Poster di media sosial telah ramai diposting terkait seruan aksi Aliansi Petani Menggugat. Aksi yang terbuka untuk umum tersebut, tertulis seruan Bangun Persatuan Gerakan Rakyat, Petani Metro Menggugat.


Isu gerakan tersebut dibenarkan oleh Advokat Aliansi Petani Menggugat, Tommy Gunawan SH. Ia menyatakan bahwa aksi tersebut benar adanya. Pasalnya, jauh hari sebelumnya telah melayangkan surat audiensi kepada para wakil rakyat Kota Metro, namun tak ada respon sama sekali.


“Benar seruan aksi tersebut memang ada. Sebab, para petani merasa geram terhadap para wakil rakyat yang tidak ada respon sama sekali terhadap keluhan petaninya.


Jauh-jauh hari sudah kita kirimkan surat sebanyak dua kali, tetapi tidak ada respon yang pasti. Karena hal tersebut memang tumpuan para petani, di saat mengalami gagal panen begitu, harusnya para pemangku jabatan ada di samping mereka dengan solusi yang pasti,” jelas Tommy, kepada media, Selasa (21/04).


Adapun tiga hal yang dituntut para petani dalam aksi besok, pada Hari Rabu 22 April 2026.

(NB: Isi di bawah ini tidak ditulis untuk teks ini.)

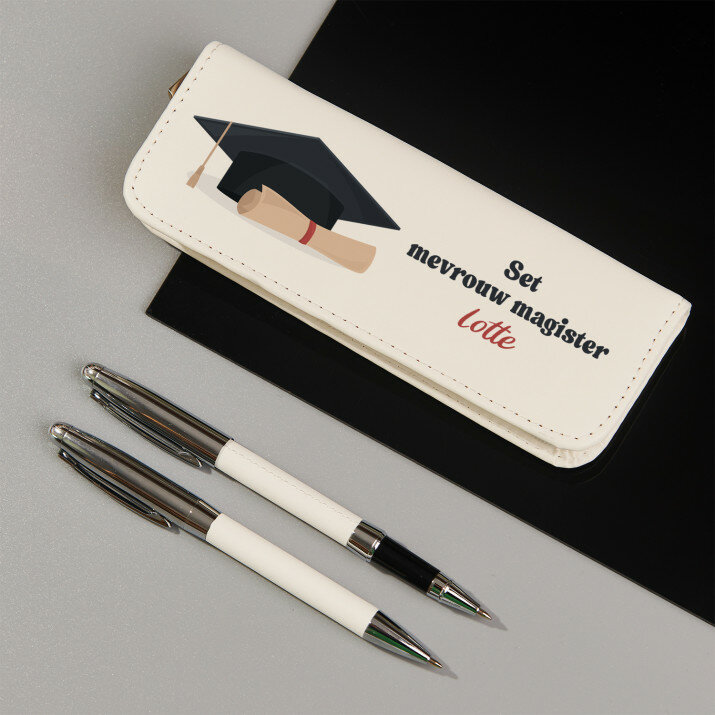 Schrijfset in lederen etui - Set mevrow magister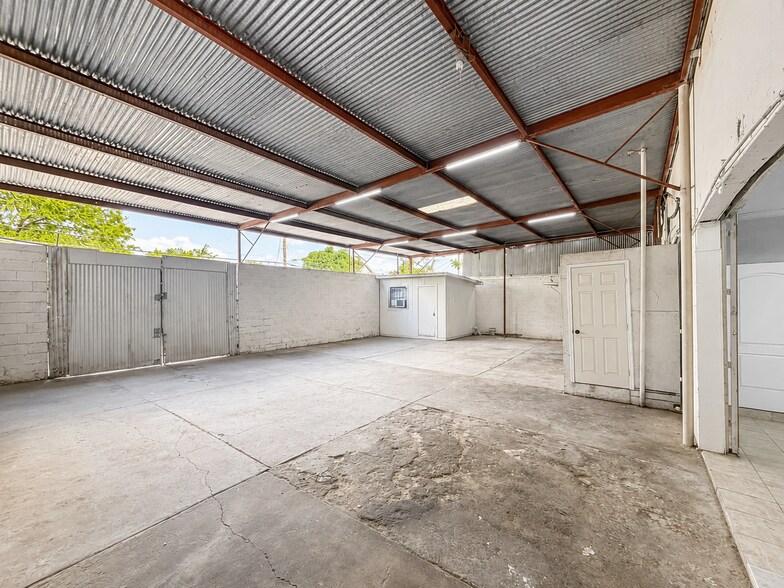More Photos Of 755 N General McMullen Dr, San Antonio Light Manufacturing For Lease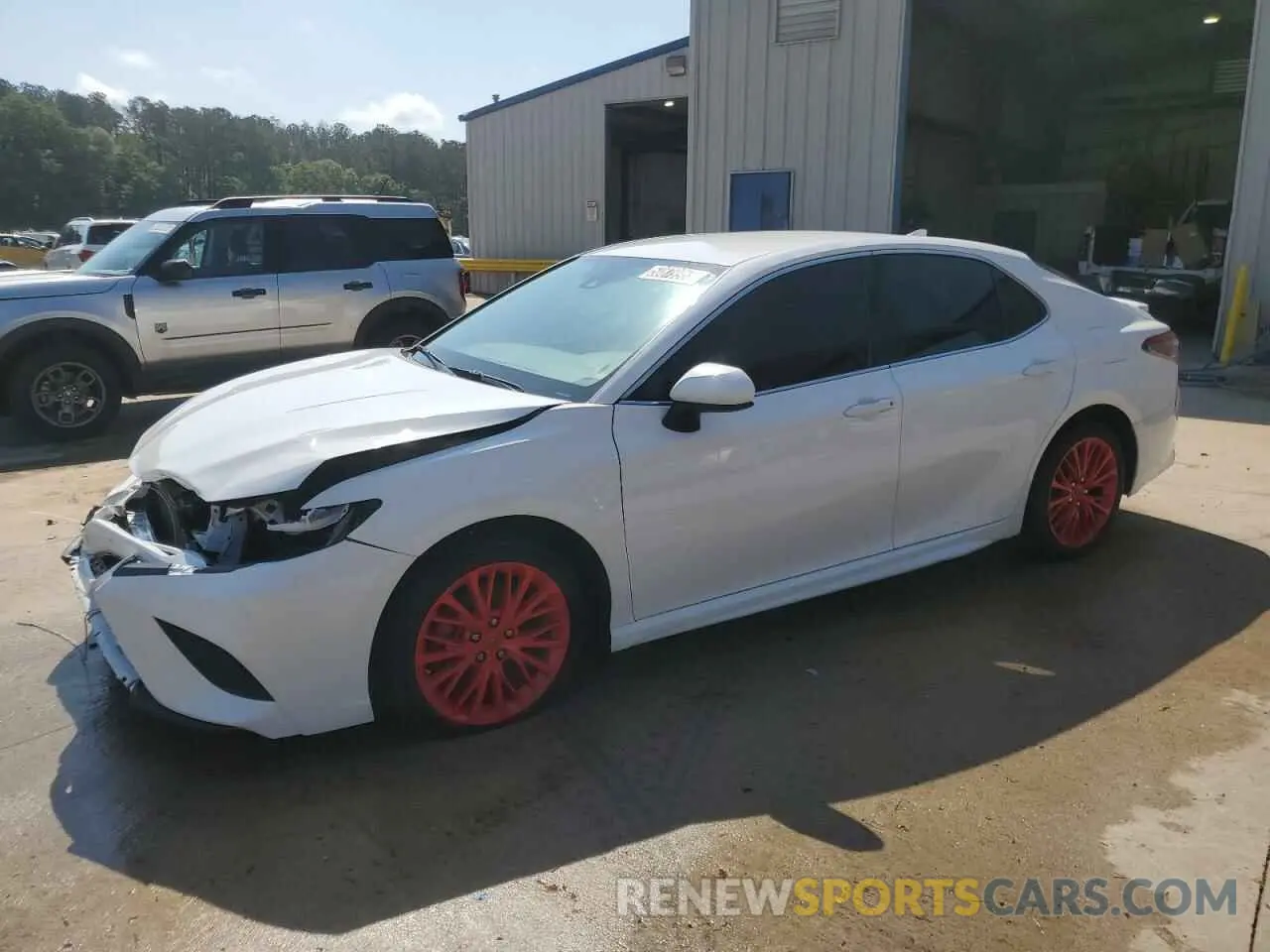1 Фотография поврежденного автомобиля 4T1B11HK4KU718014 TOYOTA CAMRY 2019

“Melalui DPRD, untuk mendesak Pemerintah Kota Metro memberikan solusi permanen. Kemudian, menuntut tanggungjawab instansi terkait atas dampak banjir yang menggenangi lahan petani.


Lalu, menjamin perlindungan dan keberlangsungan hidup petani. Saya perlu pertegas, kita tidak tinggal diam, hanya satu kata, lawan,” tegasnya. (red).